When asked, Parker defended riding a motorcycle to make a point about air pollution: "Motorbikes are very fuel efficient, and my BMW is one of the best. It uses unleaded fuel, the best available."
Parker's mission was given the green light by the Clean Air Network. "They told me that people need to get around, and the message is not to stop people from driving cars, but to do it in the most responsible way that they can."
Parker lives with his daughter Aria, who joined him at several locations along the way. He said his project had an extensive offset programme managed by Carbon Neutral. It planted trees and donated money to environmental initiatives to offset the carbon emitted by the bike, and from the air travel and cars used by the film crew.
When asked about the stand-out moment of the journey, Parker pointed to day 16.
"I had to ride 150 kilometres to open a school in Laos. It was supposed to be the driest part of the year, but instead the temperature was below zero and it had been raining for weeks. I was riding on a dirt road that had long since turned into mud."

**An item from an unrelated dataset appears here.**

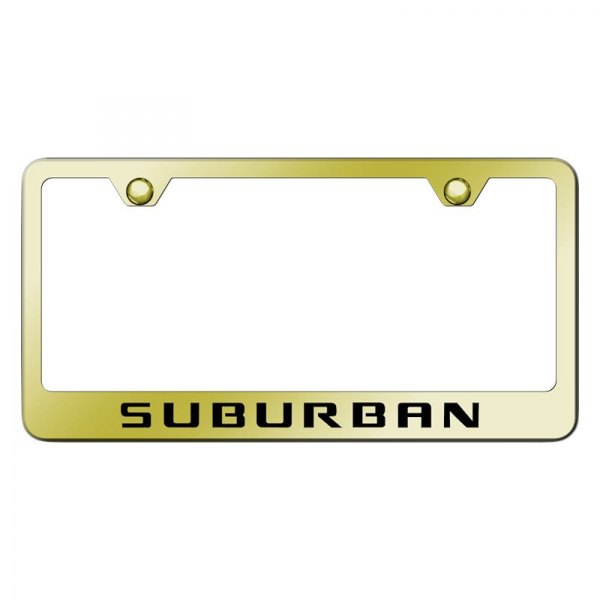 Autogold® - License Plate Frame with Laser Etched Suburban Logo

A journey that should have taken two hours ended up taking 15. Parker's pre-journey fitness programme paid off: he came off his bike no fewer than 20 times and wound up suffering from hypothermia.
"That day, I wondered how the hell I was going to make it all the way to Australia. I was almost broken."
But the next day brought a change of heart: "I saw how much it meant for those rural schoolchildren in Laos to see the bike, and to have the film crew visit them."